Dalam tulisannya mengenai Bali sebagai “negara panggung”, Clifford Geertz mengatakan, “pertunjukan-pertunjukan” ini bukan sekadar pelampiasan keinginan hati kerajaan tanpa mengenal batas–pelbagai pertunjukkan itu adalah kerajaan itu sendiri (Geertz, 1980: 102-4). Melalui upacara-upacara megah yang terpusat pada diri raja, kerajaan pra-modern Asia Tenggara hendak menunjukkan kepada rakyat dan tetangganya, bahwa rajanya benar-benar raja sejati, dengan kekuasaan yang berlandaskan pada tatanan alam semesta aturan Ilahi yang menopangnya.

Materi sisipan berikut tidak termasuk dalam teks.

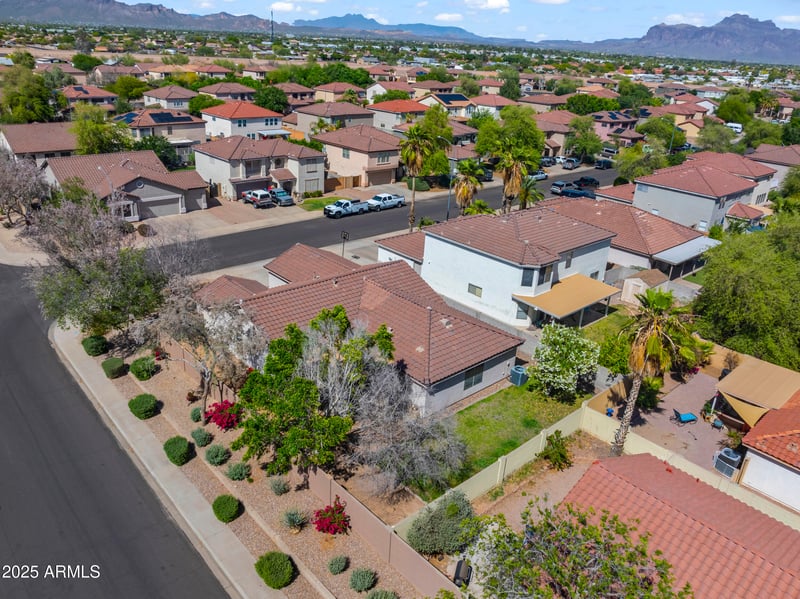 10923 Flower Ave, Mesa, AZ 85208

Arkian, di Banda Aceh, setidaknya dalam paruh abad ke-17, merupakan salah satu kota pantai terkaya di Asia. Duta besar dan pedagang datang ke Aceh dari Siam, Banten, Pegu (Burma), Moghul (India), Golconda (India Selatan), Persia, Inggris, Belanda, dan Prancis. Utusan-utusan dari empat negara disebut terakhir meninggalkan catatan-catatan rinci mengenai penerimaan mereka dan upacara istana. Catatan-catatan Belanda tahun 1630-an dan 1640-an sangat detail.
Karena itu, lebih daripada kerajaan Islam yang liyan manapun di Asia Tenggara pada periode ini, terbuka kemungkinan untuk membandingkan upacara-upacara di Aceh yang ditentukan dalam pelbagai catatan istana (terutama dalam kitab Adat Aceh) dengan hasil-hasil pengamatan orang luar perihal apa yang terjadi.
Hasil komparasi ini sebagian besar membenarkan adanya upacara agama dan perhelatan megah dalam paruh pertama abad ke-17, ketika Aceh berada di puncak kejayaan dalam perdagangan dan politik.